When Sean was the Program Director at Live105 (KITS/San Francisco) it was one of the most creative radio stations I had ever heard. When I got to know Sean I found him to be one of the most intelligent, witty, eclectic people I’ve ever met, who is truly energized by the ideas and the execution of radio. So at that point, what more do you need? I was just looking for the best person to bring into this station to help me and teach me.
I feel very fortunate he was available. He knows the concepts of radio and he’s also been in the trenches. He’s programmed, he’s been an announcer. I’m not just bringing him in to do the morning show and leave at ten o’clock. I’m bringing him in to be one of the pillars, along with John Fisher and Shawn Stewart, of the station. He will also be part of the process of what we do on-air, on our website, in the street, and where we have dinner.
What changes have you seen in the way the audience relates to its radio stations?
You spend your whole life as a programmer trying to reduce all negatives, but then when you make a change you believe in that you know will disappoint some listeners, you take a step back and say, “Look how connected they are to what we do!” That gives me optimism. There are hundreds of thousands of people in the city of Seattle who use radio, like radio, are connected to radio, are passionate about radio, and those are the people we work for.
Has it changed? Of course. Radio is no longer the Big Kahuna. We now share the media landscape with a dizzying number of options. There are a lot of bright and shiny objects that come and go, and no one can really predict what’s going to stick and what’s going to dominate. But radio’s in play and that’s exciting!
The last decade has seen technology blur lines between local and global perspectives, which seemed to create a quandary for some radio stations. Is local perspective as important as it once was for radio?

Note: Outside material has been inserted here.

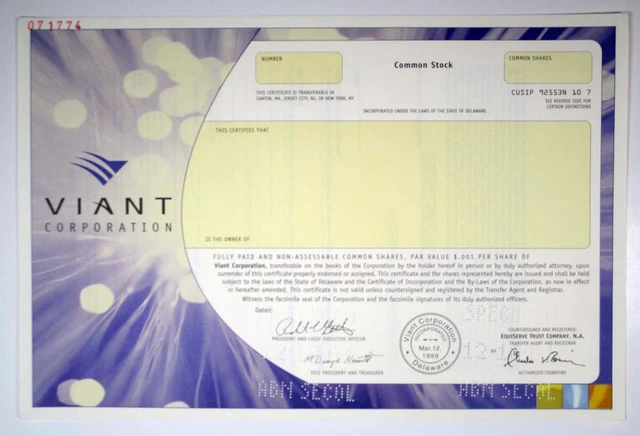 Viant Corp., 2001 Odd Shares Specimen Stock Certificate, VF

Being “local” has always been important for radio. But today, when we program local radio stations, we have to know that the audience has instant access to a world’s worth of information and entertainment. It’s harder to bluff your way through now. If you say this is “new music” and folks have been listening to it online for a year, you lose credibility. I hope we can be a credible local source for a world view of music and information that radiates out in big circles that begin at the tower.
So it’s not that you either ignore world events or ignore anything that happens in your zip codes. It’s that you make decisions, you hope the right decisions, based on what your local community will find important and valuable.
There are stations out there that are just jukeboxes. They’re going to be part of the picture too, and PPM seems to work for some of them. My own extremely unscientific theory is that the best thing you can do to survive in the PPM world is to have the best radio station you can by playing the game as well as you can – including using “local” to your advantage, and trust that in the long run the meters will reflect the effort.